It was never really a discussion in my household: whether I actually wanted to dance. It was always just an expectation, a given. And so I did – I danced from the age of two and a half, and probably before then. I was always around that energy. While many people grow up and leave behind the interests their parents involve them in, my relationship with dance has continued to evolve and strengthen.
My dad would bring me to York University in my 1970s contraption of a stroller and sit me beside him at the piano as he played for the dancers. Today’s dance legends were teaching in the newly formed dance department. That same stroller would bring me down to George Brown College, where my mom taught ballet and the class I most loved to watch: Spanish flamenco. I loved it, admiring the way she played her castanets, demonstrating arm gestures, stamps and steps in her worn character shoes. She was so beautiful when she moved, so graceful, so tiny in her gestures and enormously warm. She would be strict with her students, but in a gently pushy, highly suggestive way, especially in ballet. She gave a correction with a smile, asking her student to lift their leg a little higher than 90 degrees and then lightly lift it way above where they thought it could go. And then she would expect it to be there every time. But in her gentle way. She never raised her voice with her students, nor with me when I was a dancer.

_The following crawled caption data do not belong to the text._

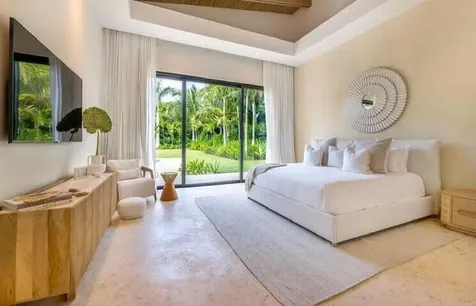 31 00 Casa De Campo DR 22000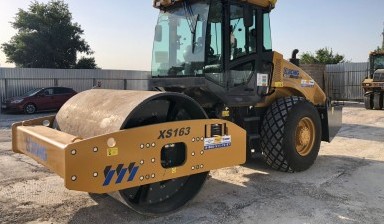 Дорожные катки и асфальтоукладчики от СтройМех: XCMG XD83 3 фото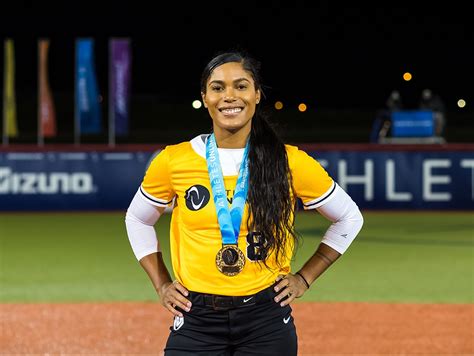 Aleshia Ocasio wins Athletes Unlimited softball title - World Baseball ...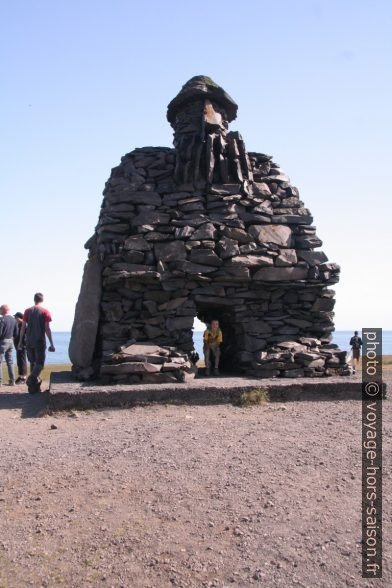 Statue du géant Barður à Anarstapi. Photo © André M. Winter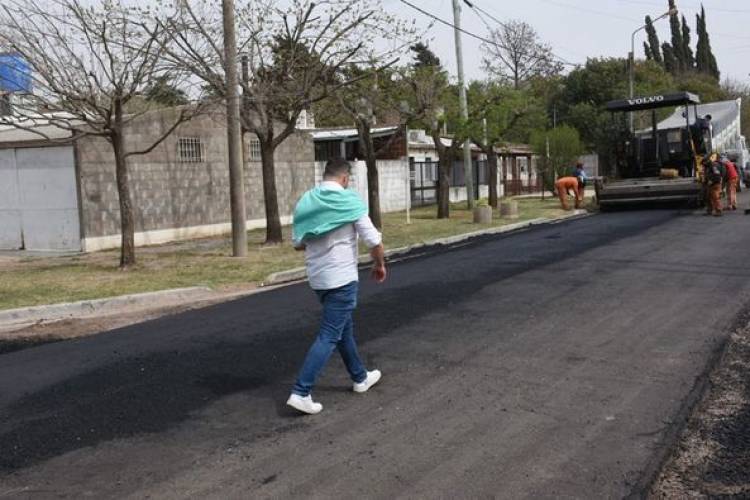AVANCES EN BARRIOS JARDIN Y PARRA PLAN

As I grew into her teenage daughter, we had our disagreements, but my love for her always made me come back with a sincere apology. We trained together in those years. Every PD day, every holiday. Every chance we could get, we were in the studio together. She would correct every movement I made, but so gently and with so much love and hope. She just wanted me to have skills and opportunities that she never had.
She started her dance career late in life; her parents didn’t want her to pursue a career in the fine arts. They repeatedly told her it wasn’t viable, but she proved them wrong. She became a ballerina with Les Grands Ballets Canadiens, a ballet mistress for the Canadian Opera Company and, to pay the bills, a cheerleader for the Toronto Argonauts. My parents married in 1967; my dad had proposed three days after they met in Stratford, Ont., after being introduced by Grant Strate.
And then, years later, she died. And then I stopped dancing. And then I hated everything about ballet. I couldn’t even listen to classical music anymore because it made my heart ache so much that I couldn’t breathe. I didn’t even want to teach my students anymore. And then I hated missing her so much that I needed to dance again. I needed to find myself in the music, in the studio, in my students and in my performance.
I hated missing her so much that I needed to dance again. I needed to find myself in the music, in the studio, in my students and in my performance.
Simon
I went back into the space that had created me, had moulded the relationship between me and my parents – and it sucked. It. Sucked. In every piece of choreography I produced, I tried to push away the classical technique my mother had spent so many hours trying to ensure was natural in my body. I wanted to get away from ballet technique, from the pretty, perfect lines that I had spent so long refining. It only made me miss her more when I saw the classical technique that I practised with her reflected in the mirror. The studio was where we were close, where she listened to me the most, where I really understood who she was. For the longest time, it was the hardest place to be.
Eventually, I circled back with the birth of my own daughter. She brought me back to ballet and to my love for its perfect lines, that elegance that my mother had been wrapped in from head to toe. And while my daughter grew out of the hobby that I, in turn, had gotten her involved in, she is now growing into a talented visual artist. And I know I need to give her space to explore her own gifts and passions.